Welcome to the 2020 year-in-review edition of Top Conversations in Technology, where we break down which topics are leading, rising and falling to help technology marketers maximize relevance and adapt to changing market dynamics. In this analysis, we focus on variations in news and blog citation volumes for the full year 2020 compared to 2019.
It’s safe to say 2020 was a year no one will forget. COVID-19 hijacked conversations nearly across the board, and technology conversations were no exception. The top five discussions in 2019 were Drones, Artificial Intelligence, Wi-Fi, 5G and E-commerce. Of these topics, only E-commerce remained in the top 5 (holding at #5 for the full year with a 28% increase in volume).
Other top ten topics from 2019 that fell in the rankings included Cybersecurity (from #6 to #10), Robotics (from #9 to #23) and tech-related Compliance discussions (from #10 to #14). The top three topics from 2019 all decreased in citation volume, and were eclipsed by shooting stars like Video Conferencing, Layoffs and Supply Chain. This underscored the fluidity of discussion focus as tech writers shifted to link relevant technologies to the pandemic.

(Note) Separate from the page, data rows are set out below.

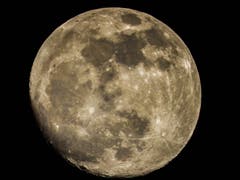 Einen Tag vor dem Blutmond bei bester Sicht von Nesslau aus aufgenommen. (Bild: Renato Maciariello)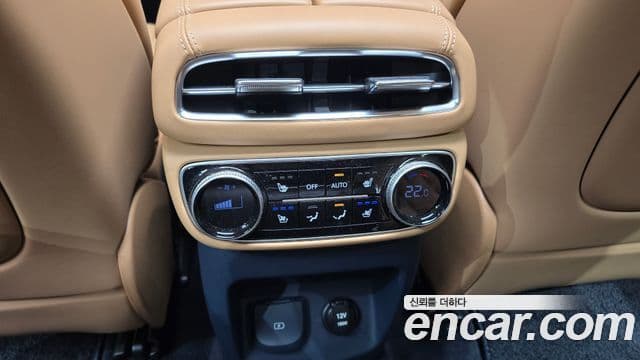 Genesis GV80 2023 — ფოტო 19/20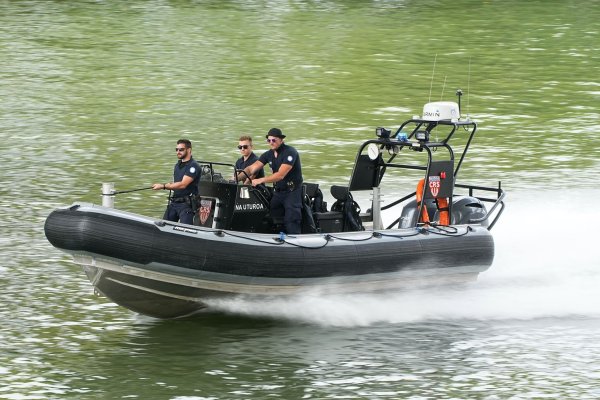 Nach dem Fund von vier Leichen in der Seine hat die Polizei einen Mann unter Mordverdacht festgenommen (Archivbild). - © Michael Kappeler/dpa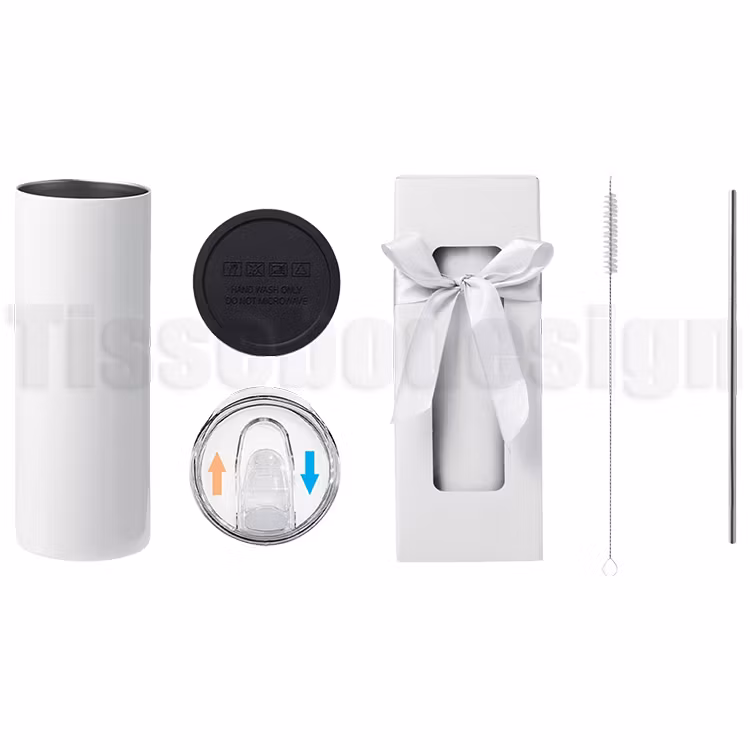 Vit 20 oz (ca 600 ml) tumbler med tillbehör – inklusive genomskinligt lock, svart botten, metalliskt sugrör, rengöringsborste och presentask med rosett.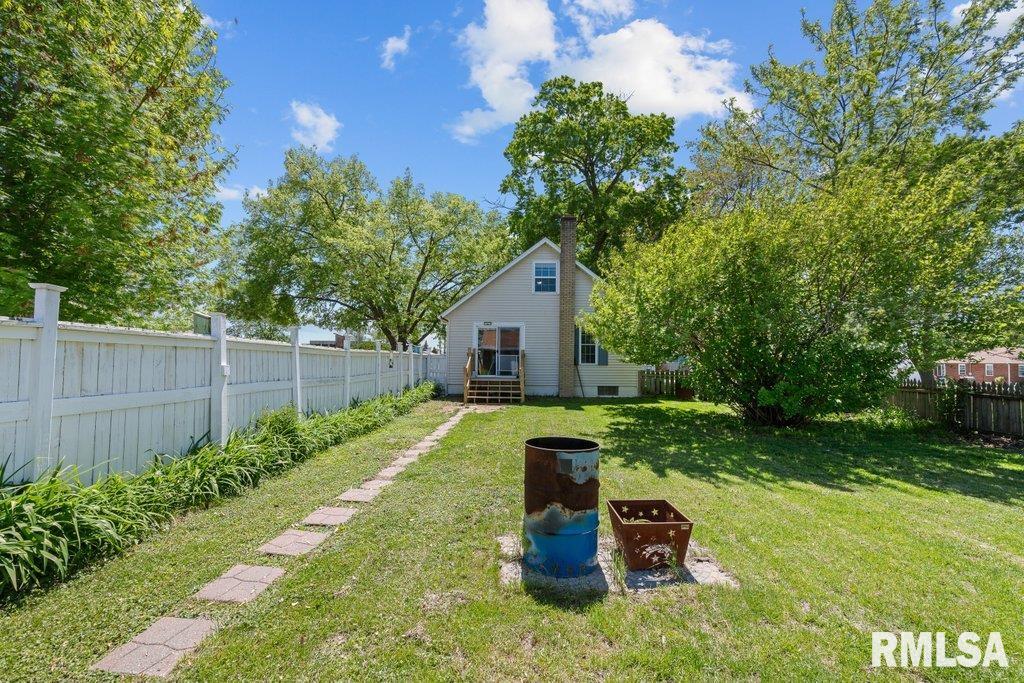 126 S Genessee Street, Blue Grass, Iowa image 13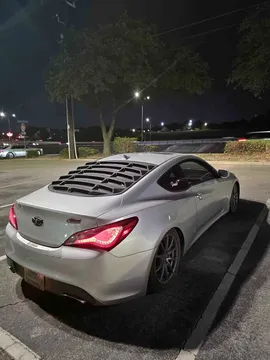 2013 Hyundai Genesis Coupe 2.0T Premium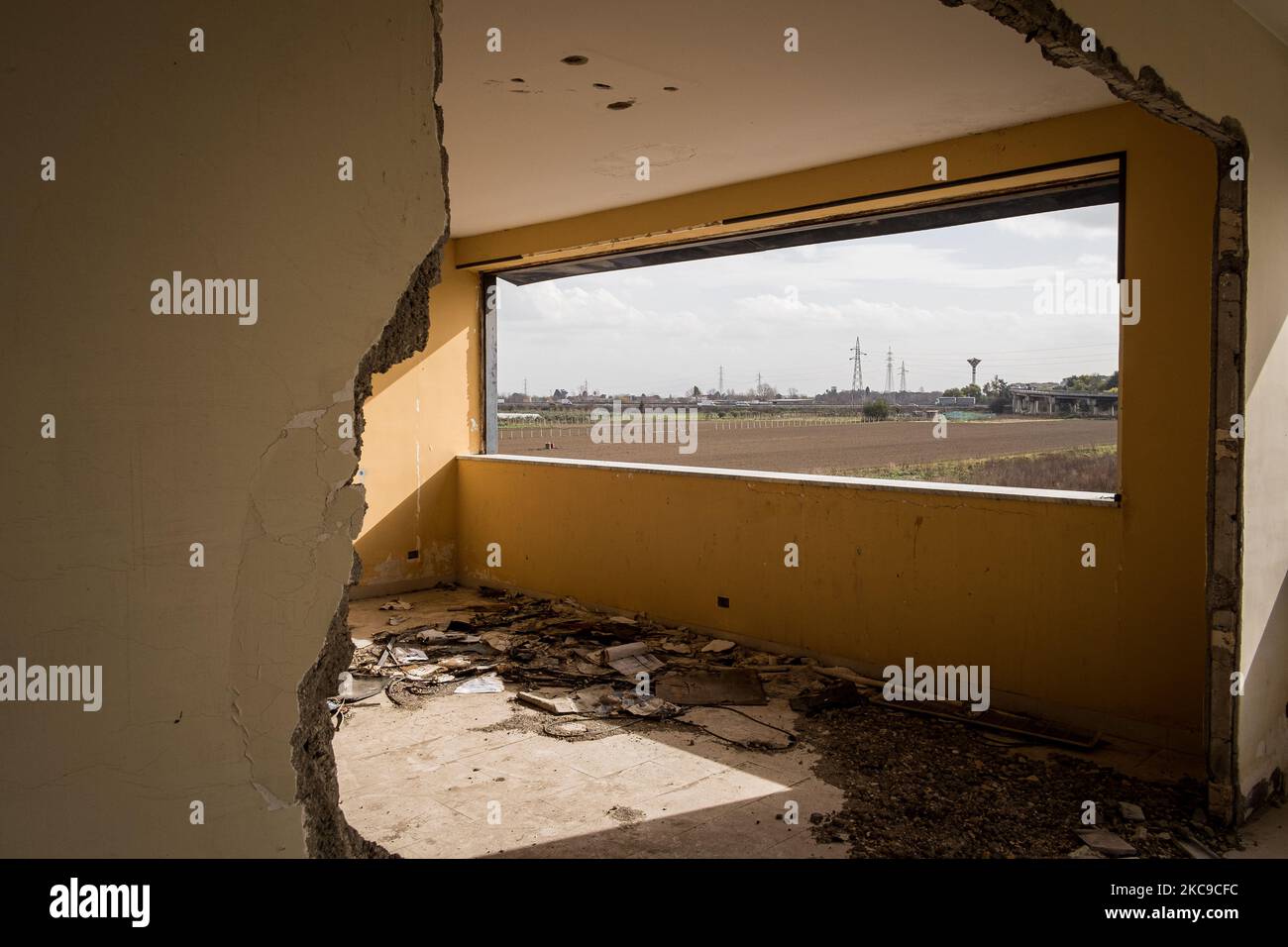 Das Foto zeigt eine ehemalige Bio-Kompost-Fabrik (Eurocompost) in Orta di Atella (Caserta) im Land der Brände 'Terra dei Fuochi', 13. Februar 2020, die mit europäischen Mitteln eröffnet wurde, aber kurz darauf scheiterte und jetzt als Freiluftdeponie genutzt wird. Die Staatsanwaltschaft Neapel Nord (Gerichtsgebäude in Aversa) hat zusammen mit dem Istituto Superiore di Sanità den schlüssigen Bericht über die Beziehung zwischen der Präsenz unkontrollierter Deponien auf dem Gebiet der Gemeinden in den Provinzen Neapel und Caserta, die in die sogenannte „Terra dei Fuochi“ aufgenommen wurden, bestätigt. Und der Beginn von Stockfoto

In simpler terms, 2020 was all about the impact of COVID-19. Drones were no longer as important as Video Conferencing, which climbed to #1 in the rankings (from #21) and had 400% higher citation volume. Layoffs jumped to #2 (from #11) with 200% more citations. Supply Chain moved up to #3 (from #7), with discussion threads throughout the year including the great toilet paper crisis in spring, product availability in summer, and “shipageddon” for the holidays.
Looking at year-over-year gains, Contract Tracing showed the biggest jump, climbing from #140 (tied mostly to HIV/AIDS research) to #4 for the full year. Remote Work (from #105 to #27) and Educational Technology (from #46 to #12) also showed massive growth, up 1,194% and 751%, respectively. As the Video Conferencing discussion grew, subtopics Video Conferencing Security/Privacy (+423% to #16) and Video Conferencing Best Practices (+719% to #47) also climbed the charts.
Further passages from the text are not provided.